Async Traits Can Be Directly Backed By Manual Future Impls
— 2025-05-26
- introduction
- naively backing afits with manual future impls
- directly backing afits with manual future impls
- simple inline poll state machines
- conclusion
- acknowledgements
Introduction
There’s a fun little tidbit that most people don’t seem to be aware of when
writing async functions in traits (AFITs) and that is: they allow you to
directly return futures from methods. Sounds confusing? Let me illustrate what I
mean with a simple example. Assume we have an a trait AsyncIterator
which has an async fn next
method that is defined as follows:
trait AsyncIterator {
type Item;
async fn next(&mut self) -> Option<Self::Item>;
}
If we wanted to define an iterator which yields an item exactly once, we would
probably write it as follows. This stores a value T
in an Option
, and in a
call to next
we extract it and return Some(T)
if we have a value, and None
if we don’t:
/// Yields an item exactly once
pub struct Once<T>(Option<T>);
impl<T> AsyncIterator for Once<T> {
type Item = T;
async fn next(&mut self) -> Option<T> {
self.0.take()
}
}
Easy right? Now let’s try and write this future by hand. Rust is a systems programming language, and so it’s important that we can drop into lower levels of abstraction to gain additional control when needed. I consider it to be a gap in the language whenever we can’t break through an abstraction into its constituent parts. So let’s see what that would look like.

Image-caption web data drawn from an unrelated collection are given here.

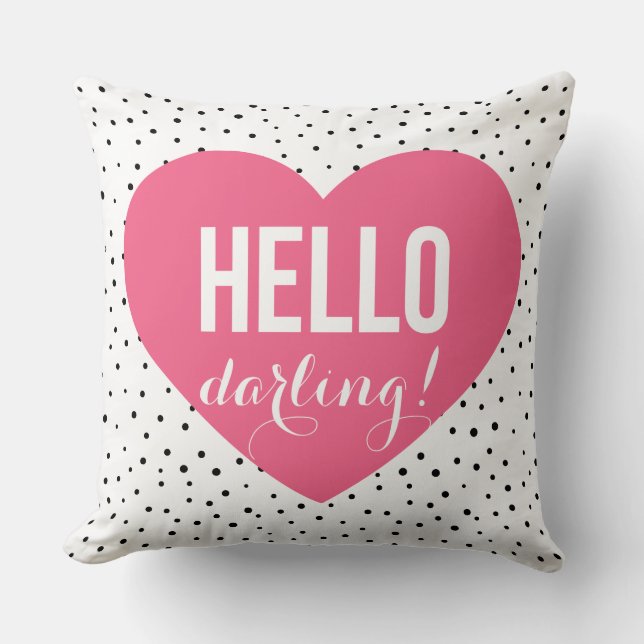 Rosa Hej Darling Heart Polka dots Mönster Kudde (Framsida)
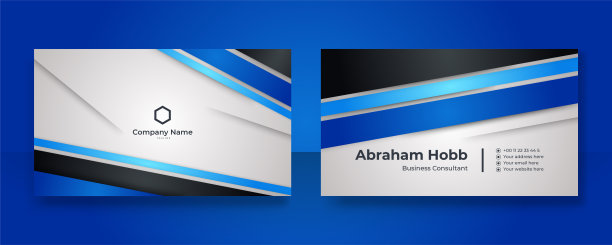 现代创意和干净的彩色名片设计模板。奢华优雅的名片设计背景与时尚简约抽象的几何时尚波浪线。矢量图图片下载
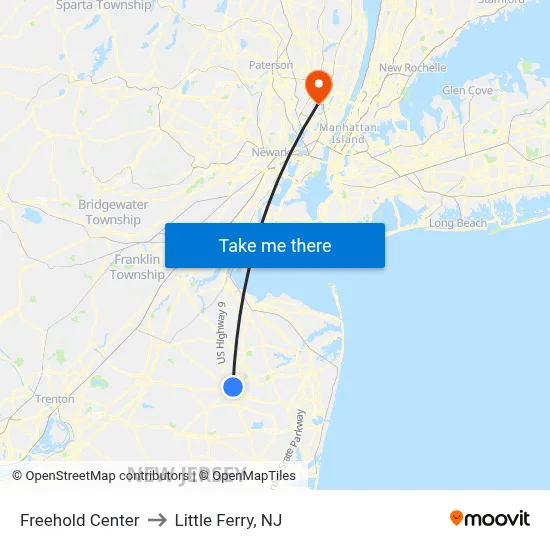 Freehold Center to Little Ferry, NJ map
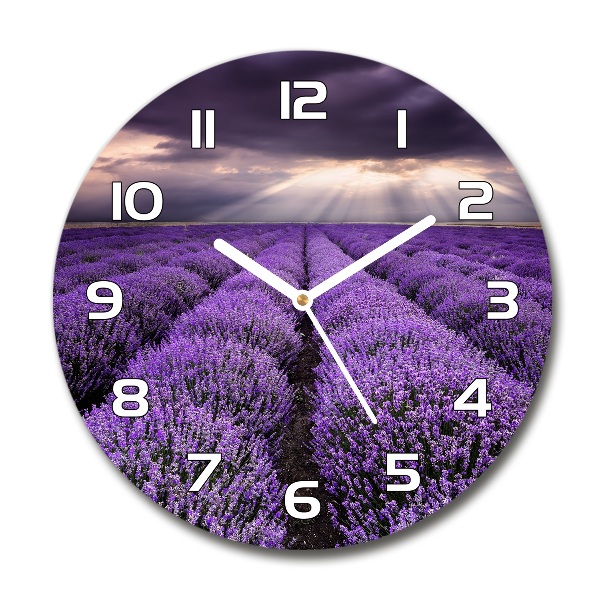 Reloj de pared redondo Campo de lavanda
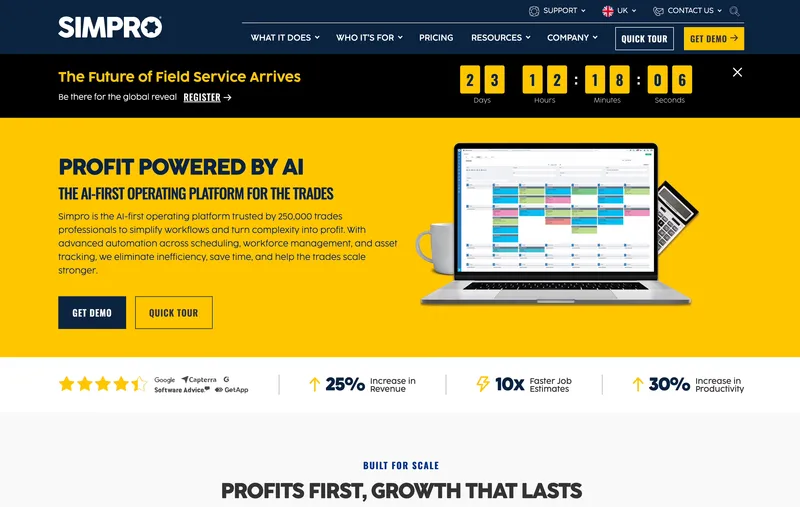Simpro time tracking software for electrical contractors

Naively backing AFITs with manual future impls
Ok, so what are the constituent parts of an async fn
? Well, that’s mainly the
Future
trait. What we want to do here is to define our own future and use
that as the basis of our implementation. All we do is deref an option, and take
its internal value - which makes it rather simple. Naively we would probably
write something like this:
/// The internal `Future` impl of our `Once` iterator
struct OnceFuture<'a, T>(&'a mut Once<T>);
impl<'a, T> Future for Once<'a, T> {
type Output = T;
fn poll(self: Pin<&mut Self>, cx: &mut Context<'a>) -> Poll<Self::Output> {
// SAFETY: we're projecting into an unpinned field
let this = unsafe { Pin::into_inner_unchecked(self) };
Poll::Ready((&mut this.0.0).take())
}
}
/// Yields an item exactly once
pub struct Once<T>(Option<T>);
impl<T> AsyncIterator for Once<T> {
type Item = T;
async fn next(&mut self) -> Option<T> {
// Delegate to the `OnceFuture` impl
OnceFuture(self).await
}
}
There’s a lot going on all of a sudden, right? This is the low-level version of
what we wrote earlier. Or is it? If you look carefully you might notice that
we’re dealing with one extra level of indirection here. In our iterator’s main
body we wrote: OnceFuture(self).await
. In a simple benchmark the compiler
will happily optimize this. But in more complex programs the compiler may not.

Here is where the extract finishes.